**EXERCISE PROMPT**
Without changing anything, output the records below.

**SUPPLIED DATA**
◇ ◇ ◇ ◇

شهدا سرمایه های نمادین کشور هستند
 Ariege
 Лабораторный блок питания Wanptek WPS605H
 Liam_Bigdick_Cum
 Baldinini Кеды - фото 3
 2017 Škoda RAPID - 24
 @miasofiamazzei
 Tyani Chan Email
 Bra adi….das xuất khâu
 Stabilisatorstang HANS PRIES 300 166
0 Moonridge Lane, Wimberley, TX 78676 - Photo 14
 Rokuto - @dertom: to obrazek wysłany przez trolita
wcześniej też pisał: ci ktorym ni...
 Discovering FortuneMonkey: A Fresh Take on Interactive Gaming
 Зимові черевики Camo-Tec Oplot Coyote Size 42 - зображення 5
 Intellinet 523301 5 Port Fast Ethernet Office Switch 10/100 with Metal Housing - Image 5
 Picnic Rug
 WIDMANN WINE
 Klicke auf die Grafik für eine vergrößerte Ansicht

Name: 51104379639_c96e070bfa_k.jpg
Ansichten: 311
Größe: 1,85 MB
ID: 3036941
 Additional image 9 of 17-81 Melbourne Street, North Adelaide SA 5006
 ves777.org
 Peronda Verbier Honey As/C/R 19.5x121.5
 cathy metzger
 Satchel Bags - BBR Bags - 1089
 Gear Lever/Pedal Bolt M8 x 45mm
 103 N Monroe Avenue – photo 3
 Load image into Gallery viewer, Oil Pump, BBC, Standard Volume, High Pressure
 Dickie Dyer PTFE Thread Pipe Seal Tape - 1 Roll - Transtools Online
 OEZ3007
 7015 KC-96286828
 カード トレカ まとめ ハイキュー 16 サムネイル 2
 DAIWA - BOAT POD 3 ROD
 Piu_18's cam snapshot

◇ ◇ ◇ ◇

**TASK RESPONSE**
شهدا سرمایه های نمادین کشور هستند
 Ariege
 Лабораторный блок питания Wanptek WPS605H
 Liam_Bigdick_Cum
 Baldinini Кеды - фото 3
 2017 Škoda RAPID - 24
 @miasofiamazzei
 Tyani Chan Email
 Bra adi….das xuất khâu
 Stabilisatorstang HANS PRIES 300 166
0 Moonridge Lane, Wimberley, TX 78676 - Photo 14
 Rokuto - @dertom: to obrazek wysłany przez trolita
wcześniej też pisał: ci ktorym ni...
 Discovering FortuneMonkey: A Fresh Take on Interactive Gaming
 Зимові черевики Camo-Tec Oplot Coyote Size 42 - зображення 5
 Intellinet 523301 5 Port Fast Ethernet Office Switch 10/100 with Metal Housing - Image 5
 Picnic Rug
 WIDMANN WINE
 Klicke auf die Grafik für eine vergrößerte Ansicht

Name: 51104379639_c96e070bfa_k.jpg
Ansichten: 311
Größe: 1,85 MB
ID: 3036941
 Additional image 9 of 17-81 Melbourne Street, North Adelaide SA 5006
 ves777.org
 Peronda Verbier Honey As/C/R 19.5x121.5
 cathy metzger
 Satchel Bags - BBR Bags - 1089
 Gear Lever/Pedal Bolt M8 x 45mm
 103 N Monroe Avenue – photo 3
 Load image into Gallery viewer, Oil Pump, BBC, Standard Volume, High Pressure
 Dickie Dyer PTFE Thread Pipe Seal Tape - 1 Roll - Transtools Online
 OEZ3007
 7015 KC-96286828
 カード トレカ まとめ ハイキュー 16 サムネイル 2
 DAIWA - BOAT POD 3 ROD
 Piu_18's cam snapshot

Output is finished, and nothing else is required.